Could you retype the whole listing word for word and drop the images?

+ + +

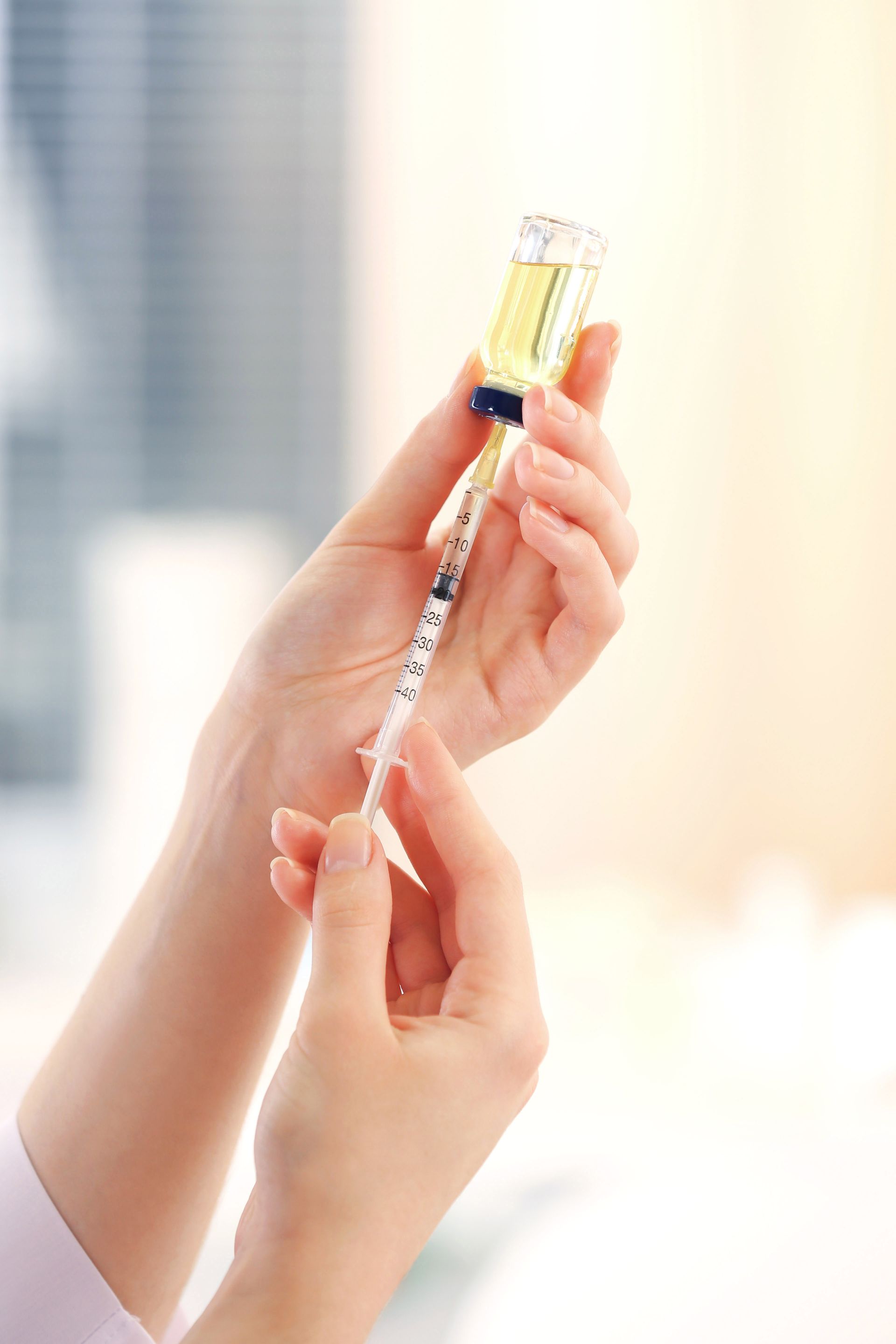 Hands holding a syringe with yellow liquid against a bright blurred background
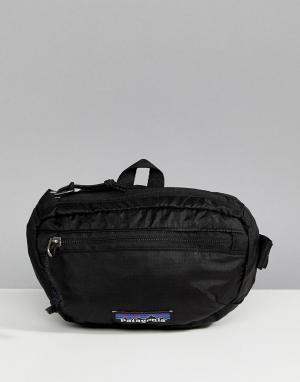 Легкая черная сумка-кошелек на пояс Patagonia. Цвет: черный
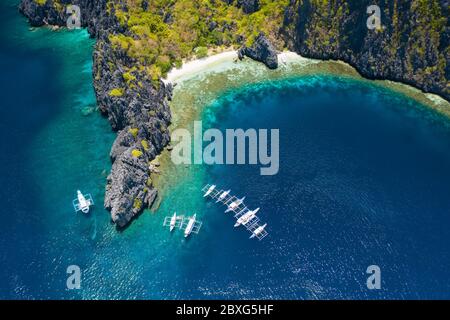 Vue aérienne des bateaux de plongée blancs sur place, à proximité de l'île tropicale de Miniloc. El Nido, île de Palawan, Philippines Banque D'Images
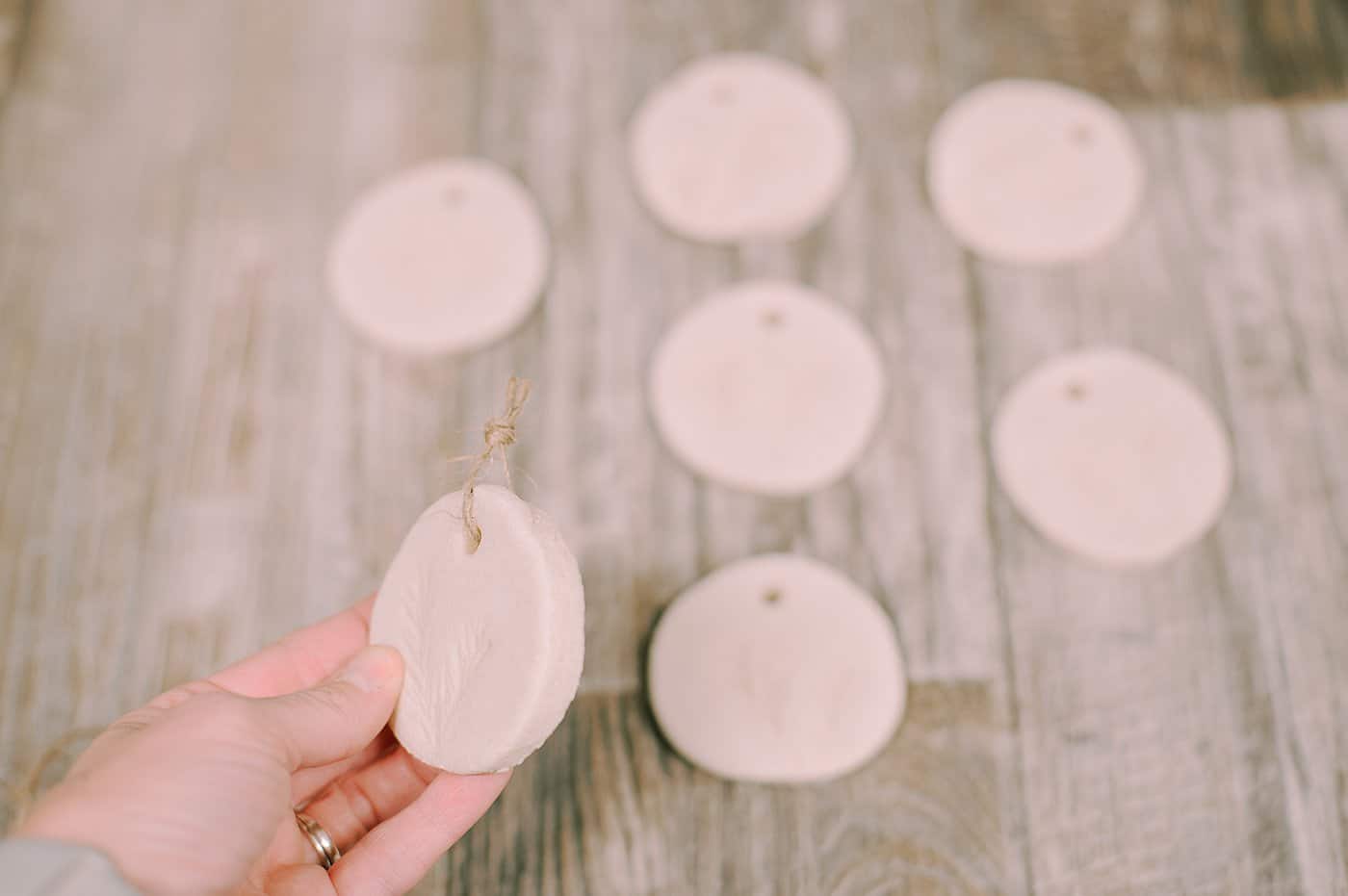 Salt dough ornaments with pine needles pressed into them.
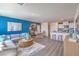Open living space with stylish decor, connecting the living room, dining area, and kitchen at 6109 Aster Garden St # 159, North Las Vegas, NV 89081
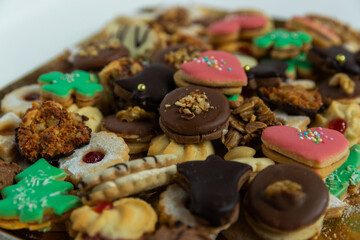 Some of Christmas cookies stored on a gold bowl of candy of different kinds of colors and shapes...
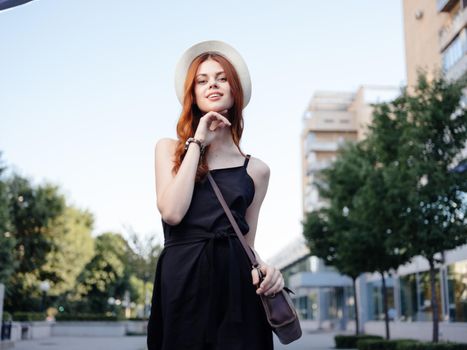 Pretty woman in a black T-shirt and hat are walking on the street near the building. High quality photo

+ + +

EXERCISE OUTPUT:
 Hands holding a syringe with yellow liquid against a bright blurred background
 Легкая черная сумка-кошелек на пояс Patagonia. Цвет: черный
 Vue aérienne des bateaux de plongée blancs sur place, à proximité de l'île tropicale de Miniloc. El Nido, île de Palawan, Philippines Banque D'Images
 Salt dough ornaments with pine needles pressed into them.
Open living space with stylish decor, connecting the living room, dining area, and kitchen at 6109 Aster Garden St # 159, North Las Vegas, NV 89081
 Some of Christmas cookies stored on a gold bowl of candy of different kinds of colors and shapes...
 Pretty woman in a black T-shirt and hat are walking on the street near the building. High quality photo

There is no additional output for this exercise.